Music Reviews
Sugaregg

Bully Sugaregg

(Sub Pop) Rating - 7/10

Like few other frontpeople, Alicia Bognanno’s howl is completely unforgettable. It always seems like she’s pushing her register further and further, as if someone had triple-dog-dared her to go as far as she could. Her incredible voice always matches the furious instrumentation of Bully perfectly, keeping up with the attacking guitars and pounding percussion, but the opener to their new album, SUGAREGG, tells a different story. On Add it On, she shrieks “It's not easy trying to talk to you, my voice falls short when it's all you can do” over murky guitars and pummeling drums. Despite the lineup upheaval, the band-turned-solo project’s third album feels more focused on loss and personal change than ever before. It’s familiar thematic material for Bognanno, but it’s never rang this true.
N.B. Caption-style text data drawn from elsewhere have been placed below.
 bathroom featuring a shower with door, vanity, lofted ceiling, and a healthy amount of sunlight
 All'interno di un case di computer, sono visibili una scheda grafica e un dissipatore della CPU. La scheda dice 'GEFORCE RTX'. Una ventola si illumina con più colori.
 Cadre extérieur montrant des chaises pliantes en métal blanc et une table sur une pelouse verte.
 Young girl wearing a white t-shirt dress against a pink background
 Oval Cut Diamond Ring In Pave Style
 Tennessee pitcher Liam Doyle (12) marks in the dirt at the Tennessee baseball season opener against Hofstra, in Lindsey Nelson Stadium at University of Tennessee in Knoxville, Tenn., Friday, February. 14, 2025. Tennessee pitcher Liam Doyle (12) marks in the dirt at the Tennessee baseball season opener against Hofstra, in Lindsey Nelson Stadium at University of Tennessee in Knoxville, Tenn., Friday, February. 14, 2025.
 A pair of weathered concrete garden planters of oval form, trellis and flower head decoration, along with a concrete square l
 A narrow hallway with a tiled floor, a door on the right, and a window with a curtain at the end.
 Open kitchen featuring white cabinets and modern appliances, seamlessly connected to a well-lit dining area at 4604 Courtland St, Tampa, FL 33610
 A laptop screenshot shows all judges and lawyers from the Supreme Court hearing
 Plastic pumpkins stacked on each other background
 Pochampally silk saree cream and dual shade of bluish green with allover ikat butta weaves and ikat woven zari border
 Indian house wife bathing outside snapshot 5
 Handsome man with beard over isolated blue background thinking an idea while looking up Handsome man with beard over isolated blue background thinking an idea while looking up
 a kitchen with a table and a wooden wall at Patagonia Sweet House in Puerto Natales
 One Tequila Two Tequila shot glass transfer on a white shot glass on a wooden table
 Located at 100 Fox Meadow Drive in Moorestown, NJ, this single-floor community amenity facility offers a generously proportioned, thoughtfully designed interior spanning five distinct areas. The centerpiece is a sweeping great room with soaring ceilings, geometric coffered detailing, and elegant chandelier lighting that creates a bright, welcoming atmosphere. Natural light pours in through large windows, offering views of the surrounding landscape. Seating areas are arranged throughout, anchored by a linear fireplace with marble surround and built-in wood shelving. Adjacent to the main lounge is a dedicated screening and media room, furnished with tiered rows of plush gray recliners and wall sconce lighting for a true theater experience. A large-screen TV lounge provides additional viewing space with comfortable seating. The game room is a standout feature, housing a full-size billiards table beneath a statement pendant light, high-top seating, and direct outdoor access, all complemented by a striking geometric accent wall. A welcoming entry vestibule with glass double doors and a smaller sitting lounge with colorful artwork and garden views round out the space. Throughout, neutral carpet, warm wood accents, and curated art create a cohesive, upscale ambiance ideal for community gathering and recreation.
From the aforementioned changes to Bognanno’s musical team, to her struggle and treatment for bipolar 2 disorder, SUGAREGG is centered around the turbulence of the last few years. Those themes pop up all over Bully’s discography, but with her new album, Bognanno sings about mental illness, conflicts in close relationships, and self-sabotage with a frankness which was reserved for occasional usage in the past. On Every Tradition’s second verse, she sings “It's like pressure to have a baby, when I don't want one in my body” after being told that her mind is going to change someday by a partner. The sentiment pops up again on Not Ashamed with a more ferocious approach. The first time Bognanno sings of being pressured by a shitty dude, she sounds exhausted. The second time, she pushes against the shittiness, with her signature howl delivering the line “I’m not ashamed and I don’t regret it” again and again, as if she’s forcing the awful dude to sit down and listen to her, instead of talking over her, by sheer force.

It’s not like much changes sonically for Bully either. Despite there being a new co-producer with industry legend John Congleton, the album is made out of banging drums, driving bass, and washed out, Sub Pop-y guitars. In fact, the album’s weakest point is how washed out it can sound at times. The majority of SUGAREGG is honest and cathartic, but certain songs fade together from time to time. In fact, some of the strongest songs here are the cleanest: take lead single Where to Start, which bristles along like a pop-rock tune with punk vocals, or closer What I Wanted, which is one of the record’s tightest, most explosive moments. While it seemingly ends in the same place it starts (Bognanno singing on loop “I don’t know what I wanted” isn’t really a positive ending), this is Bully’s best project yet, lacing all of their marvelous qualities into a candid and catchy molotov cocktail.